The Securities and Exchange Commission (SEC) has taken its fight against crypto to the world of NFTs. After failing to enforce its rule on Binance and Coinbase amid claims of selling unregistered securities, the US capital markets regulator is looking to enforce the action on the non-fungible tokens (NFTs) market and it seems to be working, at least on some projects.
YouTube and podcast studio Impact Theory became the first company to face enforcement action from the SEC after agreeing to pay a penalty of more than $6 million after being accused of selling unregistered securities. The company also agreed to destroy all the NFTs and compensate buyers of its NFTs.
That move was bound to trigger a ripple effect in the industry and it has done just that. The latest project to fall under the axe of the SEC’s crackdown on unregistered securities that are being offered as NFTs is the Stoner Cats NFT project.
Although NFT transaction volumes increased in the three consecutive days following the Impact Theory announcement on August 28, the picture seems quite different after the latest SEC action.
Volumes remained low on Thursday following Wednesday’s press release. But this may have nothing to do with Stoner Cats at all because its NFTs experienced something perplexing.
As reported by Decrypt, the floor price of Stoner Cats NFTs has more than doubled to 0.049 ETH up from 0.019 ETH following Wednesday’s announcement. The number of transactions also increased significantly compared to the previous day.
According to the SEC, Stoner Cats agreed to a cease-and-desist order and to pay a civil penalty of $1 million.
And just like in the Impact Theory case, the order establishes a Fair Fund to return monies that injured investors paid to purchase the NFTs, with Stoner Cats also agreeing “to destroy all NFTs in its possession or control and publish notice of the order on its website and social media channels.”
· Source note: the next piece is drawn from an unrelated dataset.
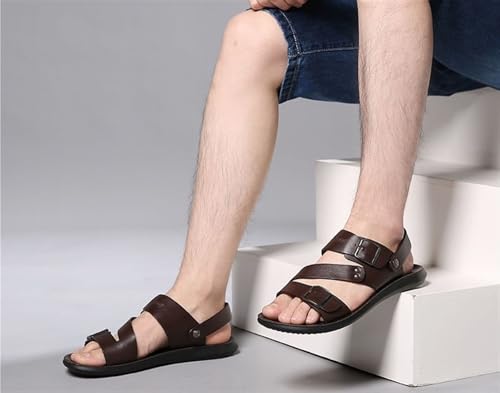 Men's Summer Leather Buckle Casual Flat Sandals With Adjustable Ankle Straps Slip-On Beach Sandals Open Toe Non-Slip Soft Comfortable Slide Sandals For Men3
The SEC is particularly targeting NFT projects that offer investors an opportunity to earn income from the project by holding NFTs. So, projects that offer NFTs for gaming purposes, or to unlock certain experiences shouldn’t worry about facing a similar action.
The NFT industry is highly segmented, with different companies offering different types of NFTs. NFT profile pictures (PFPs) account for the biggest segment of the industry with a market cap of about 1.785 million ETH, with digital collectibles and NFT art following at a distance with about 312k ETH and 285k ETH, respectively.
Then we have gaming NFTs with about 186k in market cap and Utility NFTs (those that unlock benefits like merchandise etc.) at 213k ETH. None of the five NFT types mentioned are under threat from the SEC probe, which essentially means the industry may be well-positioned to survive the purge.